Reading Time: 3 minutes approx.
“Unknown Potential Attackers” Easily Gets Access To All The Classified And Sensitive Information Of indian air Force By Using A Malware Disguised in ‘SU-30 Aircraft Procurement’ File:
More worries for World’s Number 1 Terrorist country india as “Unknown Potential Attackers” easily gets access to all the classified and sensitive information of indian air force by using a malware disguised in the ‘SU-30 Aircraft Procurement’ File on Wednesday, 17th January 2023.
According to the details, Researchers have uncovered a new espionage campaign potentially targeting the all the sensitive and classified information of indian air force with information-stealing malware.
The “Unknown Potential Attackers” launched a sophisticated attack on indian air force by sending the phishing emails to its targets with a link to a malicious .zip file supposedly containing data about Su-30 fighter jets. Terrorist country india approved the procurement of these jets last year to bolster its ongoing defense modernization efforts back in September 2023.
The delivered malware is a variant of a Go Stealer, based on open-source malware found on GitHub. However, it includes additional features, such as targeting a variety of browsers — Firefox, Google Chrome, Edge, and Brave — and exfiltrating data using Slack.
The choice of Slack for covert communications takes advantage of the platform’s widespread use in enterprise networks, researchers said, “enabling malicious activities to seamlessly blend with regular business traffic.”
The attacks were likely targeted, as this stealer focuses specifically on harvesting login credentials and cookies from browsers.
The “Unknown Potential Attackers” appear to get access to all the sensitive and classified information of indian air force by exploiting this event to target indian air force professionals,” researchers privy to the issue told media.
The attacks were likely targeted, as this stealer focuses specifically on harvesting login credentials and cookies from browsers.
According to Cyble Research and Intelligence Labs (CRIL), the modus operandi of this cyber threat unfolds through a series of carefully orchestrated steps.

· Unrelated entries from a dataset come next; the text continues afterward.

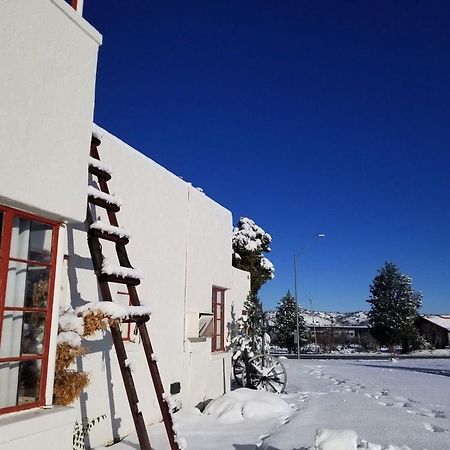 Apache Lodge Prescott Bagian luar foto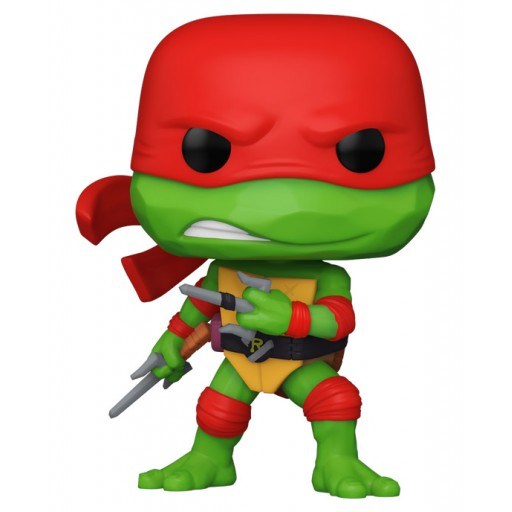 Funko Pop! Movies - Raphael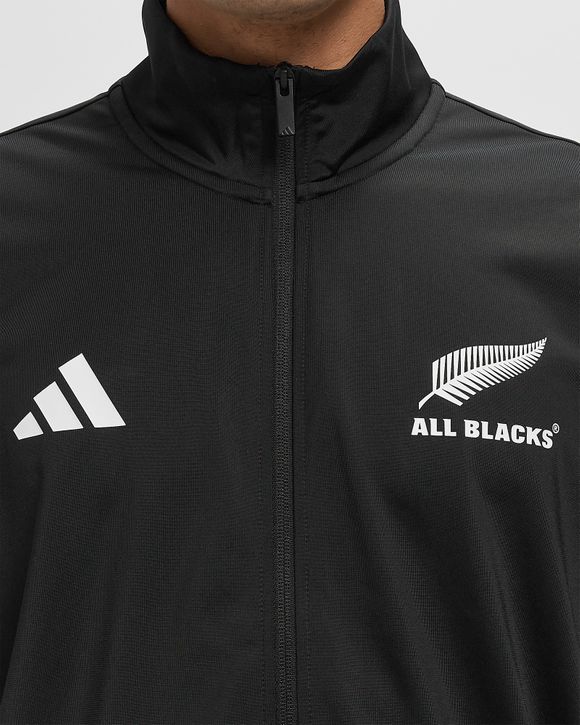 x All Blacks x Marvel Track Top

The attackers employ an anonymous file storage platform called Oshi to host the deceptive ZIP file, disguising it as critical defense documentation.
The link, “hxxps://oshi[.]at/ougg,” likely circulates through spam emails or other communication channels.
Unlike conventional information stealers, this variant displays a heightened sophistication by leveraging the Slack API for covert communications. The choice of Slack by the “Unknown Potential Attackers” as a communication channel aligns with the platform’s widespread use in enterprise networks, enabling malicious activities to seamlessly blend with regular business traffic.
The sequence of infection involves the progression from a ZIP file to an ISO file, followed by a .lnk file, culminating in the deployment of the Go Stealer payload.
The timing of the attack, coinciding with the indian Government’s announcement of the Su-30 MKI fighter jets procurement, raises concerns about targeted attacks or espionage activities.
The identified Go Stealer by “Unknown Potential Attackers”, disseminated through the deceptive ZIP file named “SU 30_Aircraft_Procurement,” poses a large threat to indian Defense Personnel and all the personnel of coward indian air force.
The “Unknown Potential Attackers” strategically exploit the mounting tension surrounding defense procurement to lure coward indian Air Force professionals into unwittingly triggering the malware during the Attack on indian defense and security apparatus.
The strategic focus on selectively harvesting login credentials and cookies from browsers highlights the threat actor’s intent to acquire precise and sensitive information from indian air force professionals.